● What you will do
Give back all of the data verbatim.

● Available data
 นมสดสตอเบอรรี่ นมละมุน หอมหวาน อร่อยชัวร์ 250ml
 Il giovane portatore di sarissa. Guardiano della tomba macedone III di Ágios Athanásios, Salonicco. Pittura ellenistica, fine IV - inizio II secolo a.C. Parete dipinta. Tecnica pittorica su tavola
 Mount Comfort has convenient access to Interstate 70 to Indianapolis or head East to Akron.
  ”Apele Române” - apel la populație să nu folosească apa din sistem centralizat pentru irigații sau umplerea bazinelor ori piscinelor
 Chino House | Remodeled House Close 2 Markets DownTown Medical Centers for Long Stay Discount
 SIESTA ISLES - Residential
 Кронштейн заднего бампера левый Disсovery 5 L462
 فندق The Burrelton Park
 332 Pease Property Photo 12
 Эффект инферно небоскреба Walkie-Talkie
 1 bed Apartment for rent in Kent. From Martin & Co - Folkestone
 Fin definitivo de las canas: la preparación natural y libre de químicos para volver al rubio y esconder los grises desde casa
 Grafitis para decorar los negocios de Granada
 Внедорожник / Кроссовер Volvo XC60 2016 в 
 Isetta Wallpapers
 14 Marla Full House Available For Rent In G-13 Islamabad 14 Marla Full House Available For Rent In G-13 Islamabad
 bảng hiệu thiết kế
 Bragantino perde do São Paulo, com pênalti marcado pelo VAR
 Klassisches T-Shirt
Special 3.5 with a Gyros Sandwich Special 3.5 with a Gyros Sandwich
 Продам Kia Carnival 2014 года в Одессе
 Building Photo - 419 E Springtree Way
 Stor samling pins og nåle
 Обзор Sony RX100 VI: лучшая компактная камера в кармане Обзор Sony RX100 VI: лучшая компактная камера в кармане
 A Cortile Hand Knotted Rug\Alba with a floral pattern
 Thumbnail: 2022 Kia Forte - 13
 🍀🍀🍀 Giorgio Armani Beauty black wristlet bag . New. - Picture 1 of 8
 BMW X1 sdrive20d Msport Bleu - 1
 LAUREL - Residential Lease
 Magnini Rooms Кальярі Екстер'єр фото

● Written answer
 นมสดสตอเบอรรี่ นมละมุน หอมหวาน อร่อยชัวร์ 250ml
 Il giovane portatore di sarissa. Guardiano della tomba macedone III di Ágios Athanásios, Salonicco. Pittura ellenistica, fine IV - inizio II secolo a.C. Parete dipinta. Tecnica pittorica su tavola
 Mount Comfort has convenient access to Interstate 70 to Indianapolis or head East to Akron.
  ”Apele Române” - apel la populație să nu folosească apa din sistem centralizat pentru irigații sau umplerea bazinelor ori piscinelor
 Chino House | Remodeled House Close 2 Markets DownTown Medical Centers for Long Stay Discount
 SIESTA ISLES - Residential
 Кронштейн заднего бампера левый Disсovery 5 L462
 فندق The Burrelton Park
 332 Pease Property Photo 12
 Эффект инферно небоскреба Walkie-Talkie
 1 bed Apartment for rent in Kent. From Martin & Co - Folkestone
 Fin definitivo de las canas: la preparación natural y libre de químicos para volver al rubio y esconder los grises desde casa
 Grafitis para decorar los negocios de Granada
 Внедорожник / Кроссовер Volvo XC60 2016 в 
 Isetta Wallpapers
 14 Marla Full House Available For Rent In G-13 Islamabad 14 Marla Full House Available For Rent In G-13 Islamabad
 bảng hiệu thiết kế
 Bragantino perde do São Paulo, com pênalti marcado pelo VAR
 Klassisches T-Shirt
Special 3.5 with a Gyros Sandwich Special 3.5 with a Gyros Sandwich
 Продам Kia Carnival 2014 года в Одессе
 Building Photo - 419 E Springtree Way
 Stor samling pins og nåle
 Обзор Sony RX100 VI: лучшая компактная камера в кармане Обзор Sony RX100 VI: лучшая компактная камера в кармане
 A Cortile Hand Knotted Rug\Alba with a floral pattern
 Thumbnail: 2022 Kia Forte - 13
 🍀🍀🍀 Giorgio Armani Beauty black wristlet bag . New. - Picture 1 of 8
 BMW X1 sdrive20d Msport Bleu - 1
 LAUREL - Residential Lease
 Magnini Rooms Кальярі Екстер'єр фото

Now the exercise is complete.